The office of the Department of Education’s inspector general has come down hard on South Dakota, condemning the way the state calculates and reports its dropout and graduation rates.
In a June 7 report, Sherri L. Demmel, the department’s Dallas-based regional inspector general for audits, found that while the state reported both graduation rates and dropout rates, as required by the federal No Child Left Behind Act, it collected unreliable data to make those calculations. In particular, Ms. Demmel objected to the use of a one-year cohort of students for its formula rather than a four-year cohort. The one-year cohort inflated the graduation rate, she found.
There’s just one small problem: The Education Department itself had already given South Dakota’s methods for collecting the data the thumbs-up.
In a letter responding to the inspector general’s office’s findings, South Dakota Secretary of Education Rick Melmer, drew attention to the fact that his state’s system had been approved by federal education officials.

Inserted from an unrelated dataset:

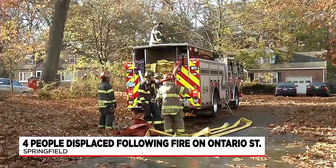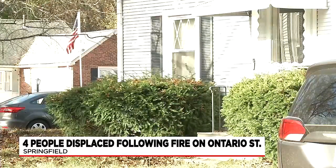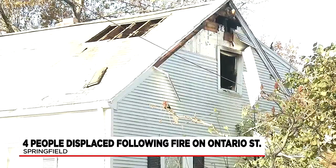Monday morning, just before 7, Springfield firefighters were called to the scene of flames coming out of a one-and-a-half-story house on Ontario Street in the Liberty Heights neighborhood — a fire that caused interior damage to the attic. The fire was knocked down very quickly, so there is damage to the home,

“Although you state that the above described methodology does not meet the NCLB-required definition of a graduation rate, it was clearly described in the accountability workbook approved by the agency (USDOE) which regulates NCLB,” Mr. Melmer wrote in his April 20 response to a draft of the federal audit.
The inspector general’s report recognized that the Education Department’s office of elementary and secondary education had approved the state’s formula for those calculations, but stated flatly that “the methodology does not meet NCLB,” Ms. Demmel wrote.
Chad Colby, an Education Department spokesman, said there “were some inconsistencies” found involving South Dakota, “but we’re moving to correct them.”
The audit report also says that South Dakota’s dropout data were inaccurate, finding that some students were classified as transfers when they had either dropped out or continued in the same school, and that others were classified as dropouts when they had transferred.
Ms. Demmel recommended that the federal Education Department require the state to devise new procedures for calculating and documenting dropout and graduation data.
Though Mr. Melmer did not agree with a majority of the audit findings, he acknowledged in his letter “that our oversight can be improved.”